The concept of an "Internet of Things" has been around since the late 1990s to describe network-connected objects with unique identifiers. In recent years, the growing number of devices coming online has led analysts to conclude that the world is increasingly alive with information.
"The Internet of Things is here today," says Daniel Castro, senior analyst for the Information Technology and Innovation Foundation. To illustrate his point, Castro cites connected sensors that monitor the structural health of federal buildings and infrastructure, and others that track cargo.
Brian Melewski, a capital support engineer at the Veterans Health Administration, says the agency's hospitals are using Internet-enabled devices, such as fire and security systems, that automatically send email alerts to administrators when there's a problem, as well as smart meters that monitor energy use. The meters help the agency to make decisions about infrastructure improvements, he says.
"All of our capital improvements are driven by the energy savings we see," Melewski says. "We know where energy is wasted, so we can help reduce energy use."
In addition to exploiting the Internet of Things for their own advantage, some agencies are exploring public-facing applications that benefit citizens. NHTSA's pilot program in Michigan, for example, aims to reduce the number and severity of traffic accidents by having vehicles communicate directly with each other.
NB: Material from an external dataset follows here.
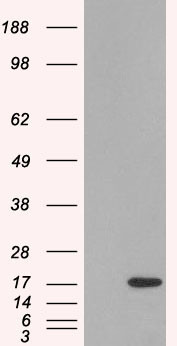 SH2D1A Antibody in Western Blot (WB)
The National Oceanic and Atmospheric Administration (NOAA) gathers weather data using connected road sensors across the country. The agency performs quality control on the information, combines it with data from other sources (such as private citizens), formats the numbers and then sends the data back out. The service helps state officials, for example, make weather-related transportation decisions. "Like, when do you put down sand, or what type of chemicals should you put down because of what's about to hit you?" says Greg Pratt, section chief at NOAA's Global Systems Division.
Chris Greer, director of the Smart Grid and Cyber-Physical Systems Program Office at the National Institute of Standards and Technology (NIST), says the Internet of Things is still in its infancy. "We're at kind of the foundation stage," he says. NIST is laying that groundwork by establishing interoperability standards between devices, as well as by developing provisions for security and privacy.
As more devices begin communicating with each other, potential applications may be limited only by imagination. Pratt envisions a future in which the weather data from road sensors is sent not only to government agencies, but also straight to vehicles such as the ones being tested in Michigan.